╭─ Supplied entries

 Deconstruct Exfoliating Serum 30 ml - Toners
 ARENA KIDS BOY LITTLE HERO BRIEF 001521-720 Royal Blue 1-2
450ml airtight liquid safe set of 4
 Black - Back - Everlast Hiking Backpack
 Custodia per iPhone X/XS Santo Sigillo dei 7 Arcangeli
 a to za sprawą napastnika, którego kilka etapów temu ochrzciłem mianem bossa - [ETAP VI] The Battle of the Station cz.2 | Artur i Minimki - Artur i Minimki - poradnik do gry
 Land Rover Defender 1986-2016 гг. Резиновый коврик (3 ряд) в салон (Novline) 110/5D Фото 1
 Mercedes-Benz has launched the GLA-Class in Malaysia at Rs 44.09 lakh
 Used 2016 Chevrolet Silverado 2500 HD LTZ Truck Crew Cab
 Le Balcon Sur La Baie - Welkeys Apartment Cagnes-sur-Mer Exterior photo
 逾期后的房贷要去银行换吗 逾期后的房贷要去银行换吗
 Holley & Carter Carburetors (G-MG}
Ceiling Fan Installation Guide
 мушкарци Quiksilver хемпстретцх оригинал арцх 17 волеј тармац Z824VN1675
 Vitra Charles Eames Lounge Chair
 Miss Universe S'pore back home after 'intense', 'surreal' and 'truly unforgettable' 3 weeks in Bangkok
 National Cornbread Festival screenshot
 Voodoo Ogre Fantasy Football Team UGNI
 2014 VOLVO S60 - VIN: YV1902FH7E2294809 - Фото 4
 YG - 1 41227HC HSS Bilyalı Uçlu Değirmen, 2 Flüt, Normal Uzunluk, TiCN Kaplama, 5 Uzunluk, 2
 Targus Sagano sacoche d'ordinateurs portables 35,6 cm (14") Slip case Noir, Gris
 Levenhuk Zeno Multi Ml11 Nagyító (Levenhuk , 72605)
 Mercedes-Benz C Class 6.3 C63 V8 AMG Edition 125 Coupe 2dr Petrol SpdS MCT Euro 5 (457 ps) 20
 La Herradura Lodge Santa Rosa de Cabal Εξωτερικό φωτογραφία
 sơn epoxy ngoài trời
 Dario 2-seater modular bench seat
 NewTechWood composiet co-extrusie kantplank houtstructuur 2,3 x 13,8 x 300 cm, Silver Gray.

╰─

**What you need to do**
List all lines in the material containing the string "Class".

**Solution to this problem**
 Mercedes-Benz has launched the GLA-Class in Malaysia at Rs 44.09 lakh
 Mercedes-Benz C Class 6.3 C63 V8 AMG Edition 125 Coupe 2dr Petrol SpdS MCT Euro 5 (457 ps) 20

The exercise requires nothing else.